WORK INSTRUCTIONS — Among the entries below, only the lines starting at the one with "a parent teaching" and ending at the one with "Alpinestars Flex-AST Cargo", both included, are to be printed exactly.

── EXERCISE INPUT ──

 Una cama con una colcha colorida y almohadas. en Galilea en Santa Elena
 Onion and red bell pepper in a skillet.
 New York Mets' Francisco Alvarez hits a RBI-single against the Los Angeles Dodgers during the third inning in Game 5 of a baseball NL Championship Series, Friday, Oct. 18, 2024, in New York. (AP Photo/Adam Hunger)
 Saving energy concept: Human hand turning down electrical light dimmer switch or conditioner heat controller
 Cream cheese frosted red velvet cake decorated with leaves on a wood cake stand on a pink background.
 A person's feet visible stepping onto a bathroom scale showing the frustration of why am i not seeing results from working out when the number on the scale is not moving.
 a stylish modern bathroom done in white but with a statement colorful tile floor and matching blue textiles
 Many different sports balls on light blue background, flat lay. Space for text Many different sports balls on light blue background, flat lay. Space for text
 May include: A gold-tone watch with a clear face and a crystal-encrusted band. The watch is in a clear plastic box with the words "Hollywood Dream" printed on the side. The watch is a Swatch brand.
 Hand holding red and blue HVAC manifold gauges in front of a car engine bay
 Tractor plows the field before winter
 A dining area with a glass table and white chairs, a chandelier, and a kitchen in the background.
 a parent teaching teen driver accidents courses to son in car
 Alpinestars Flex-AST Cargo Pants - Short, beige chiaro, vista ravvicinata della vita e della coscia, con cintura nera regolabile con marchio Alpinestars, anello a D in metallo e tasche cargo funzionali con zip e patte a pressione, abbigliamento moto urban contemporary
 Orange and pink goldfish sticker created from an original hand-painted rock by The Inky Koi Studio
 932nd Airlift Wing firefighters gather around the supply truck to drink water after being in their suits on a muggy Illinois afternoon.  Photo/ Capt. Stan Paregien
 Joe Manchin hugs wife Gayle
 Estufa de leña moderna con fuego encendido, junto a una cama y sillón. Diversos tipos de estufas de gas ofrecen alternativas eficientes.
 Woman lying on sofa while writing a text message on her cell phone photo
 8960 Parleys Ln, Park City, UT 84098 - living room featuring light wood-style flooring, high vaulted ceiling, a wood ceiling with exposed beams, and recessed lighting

───

EXERCISE RESPONSE —
 a parent teaching teen driver accidents courses to son in car
 Alpinestars Flex-AST Cargo Pants - Short, beige chiaro, vista ravvicinata della vita e della coscia, con cintura nera regolabile con marchio Alpinestars, anello a D in metallo e tasche cargo funzionali con zip e patte a pressione, abbigliamento moto urban contemporary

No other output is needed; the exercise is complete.